* **Work instructions**: What are the lines below, starting at the line containing "1526 R Path" and ending at the line containing "An Indian bronze"? Write them out exactly, ends included, without pictures.

* **Exercise material**:
· · · · · · ·

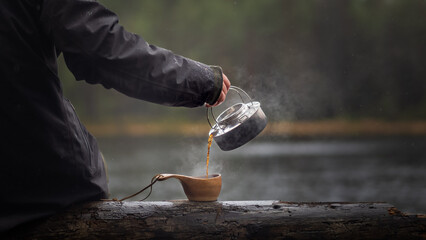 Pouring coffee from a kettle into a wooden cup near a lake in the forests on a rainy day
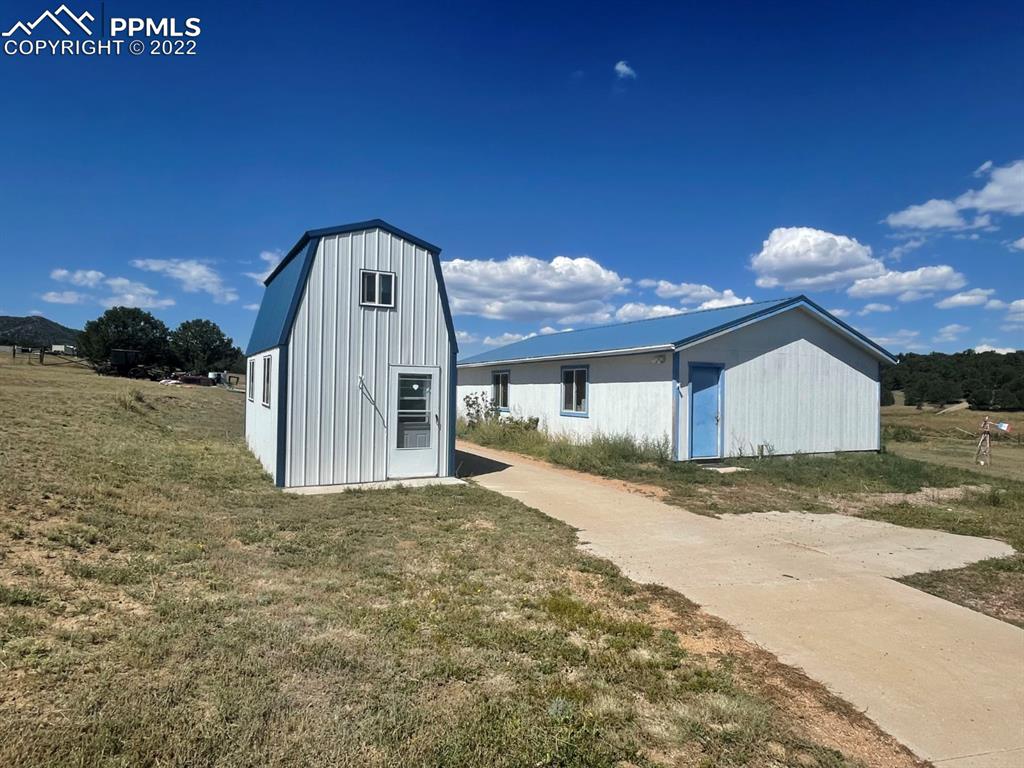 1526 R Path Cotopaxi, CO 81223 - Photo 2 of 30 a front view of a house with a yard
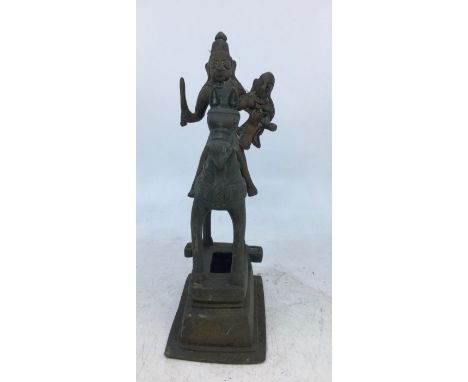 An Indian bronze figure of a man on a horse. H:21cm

· · · · · · ·

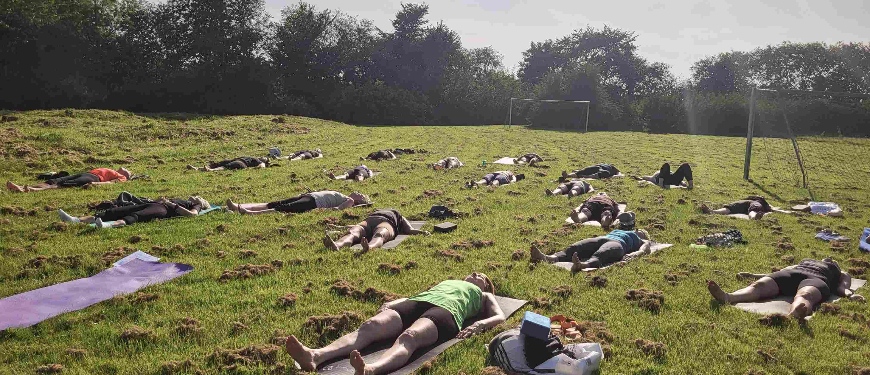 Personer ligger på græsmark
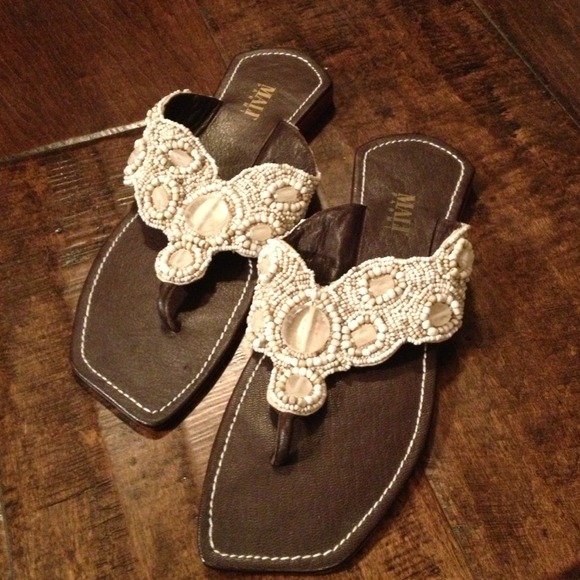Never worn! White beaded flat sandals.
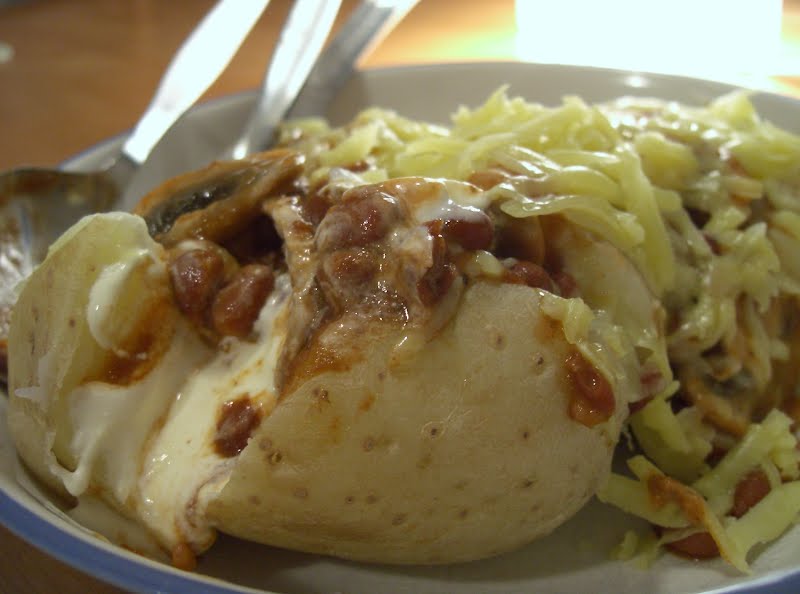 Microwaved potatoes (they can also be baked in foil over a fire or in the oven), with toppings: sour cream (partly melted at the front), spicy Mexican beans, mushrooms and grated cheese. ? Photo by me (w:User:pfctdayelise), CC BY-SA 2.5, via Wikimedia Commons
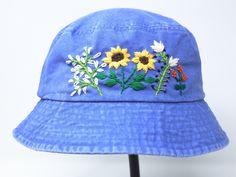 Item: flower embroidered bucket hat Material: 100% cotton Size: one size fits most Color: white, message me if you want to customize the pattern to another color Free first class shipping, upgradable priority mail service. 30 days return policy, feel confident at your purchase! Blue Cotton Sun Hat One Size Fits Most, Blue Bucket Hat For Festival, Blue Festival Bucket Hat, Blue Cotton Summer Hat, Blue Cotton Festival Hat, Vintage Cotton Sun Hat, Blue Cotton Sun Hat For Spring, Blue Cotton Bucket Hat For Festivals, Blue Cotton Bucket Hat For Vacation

· · · · · · ·

* **Result for this task**:
 1526 R Path Cotopaxi, CO 81223 - Photo 2 of 30 a front view of a house with a yard
 An Indian bronze figure of a man on a horse. H:21cm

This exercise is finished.